Dorian fica grisalho
Muitos acadêmicos
consideram O retrato de Dorian Gray,
o romance de Wilde sobre um nobre devasso que se utiliza de meios sobrenaturais
para desafiar o processo de envelhecimento, como uma semi-autobiografia. Wilde,
certamente, chegava a extremos para disfarçar os cabelos grisalhos. Na verdade,
as tinturas que ele usava para colorir os cachos esvoaçantes desencadearam uma
grave doença de pele, que lhe provocou coceiras enlouquecedoras no rosto,
braços, peito e costa durante toda a última década de sua vida.
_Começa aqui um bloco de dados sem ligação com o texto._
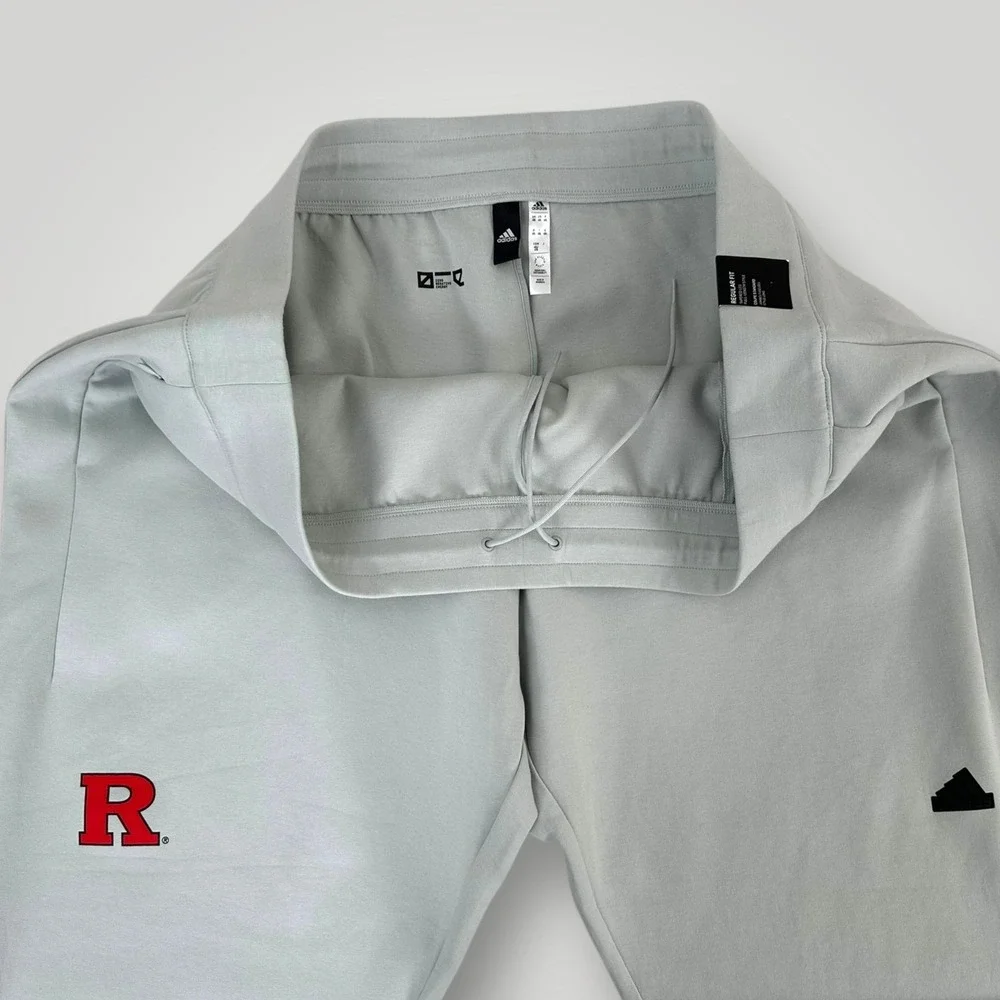 NEW Rutgers Scarlet Knights Jogger Pants Mens 4XL Gray NCAA Adidas ZNE AEROREADY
A Inglaterra está atrás de mim
Durante os
primeiros estágios do seu julgamento por indecência, Wilde ainda se sentia
confiante de que venceria. Certo dia, no Piccadilly Circus, ele encontrou um
velho amigo que pareceu hesitante em tocar no assunto. Wilde o encorajou: “Você
já soube do meu caso?”, ele perguntou. “Não se preocupe. Tudo está bem. As
classes trabalhadoras estão do meu lado... como um rapaz”.
Um homem reabilitado
Depois que saiu da
prisão, Wilde tentou, uma última vez, provar a sua “decência” ao público
britânico. Ele o amigo Ernest Dowson, um poeta, visitaram um bordel na França.
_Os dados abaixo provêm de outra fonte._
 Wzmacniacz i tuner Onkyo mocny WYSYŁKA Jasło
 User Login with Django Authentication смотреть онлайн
Somando os recursos de ambos, tinham dinheiro suficiente para que apenas um
deles tivesse uma amostra dos “serviços”. Dowson encorajou Wilde a fazer uma
tentativa, insistindo que a reputação dele poderia ser salva se ele adquirisse
um gosto mais “convencional”, ou seja, heterossexual.
A notícia sobre a visita
se espalhou e logo havia uma pequena multidão reunida em volta da casa de má
fama. Quando Wilde saiu do bordel, relatou a Dowson: “Foi a primeira vez nesses
dez anos e será a última. Foi como comer carne fria”. Depois, dirigindo-se à
multidão: “Mas falem sobre isso na Inglaterra, pois deverá restaurar
completamente o meu caráter!”.
Apenas para membros
A abominação
pública em relação à suposta “perversão” de Wilde perdurou muito depois de sua
morte. Em 1912, um memorial retratando-o como uma esfinge voadora foi erguido
no local da sua sepultura, no famoso cemitério Pére Lachaise em Paris. Mas o
enorme falo da escultura aparentemente escandalizou um anônimo visitante do
cemitério que, armado de um martelo, arrancou-o com uma pancada. (Mais tarde,
os funcionários do cemitério recolheram o “piu-piu” quebrado e usaram-no como
peso de papel.) A esfinge permaneceu
assexuada até o ano 2000, quando o artista multimídia Leon Johnson patrocinou
uma prótese peniana de prata e a fixou na destruída virilha de Wilde durante
uma cerimônia de quarenta minutos, apropriadamente intitulada de Re-membrado Wilde.
No quarto com Depp
No início de sua
carreira o ator Johnny Depp passou uma noite no mesmo quarto de hotel em Paris
onde Wilde havia morrido. “Eu não vi Oscar”, relatou o galã de Hollywood,
embora admitisse que “fiquei um pouco paranoico com a idéia às 4 da madrugada”.
A essa observação, o fantasma de Wilde sem dúvida teria respondido: “Uma pena,
porque você simplesmente não faz o meu tipo”.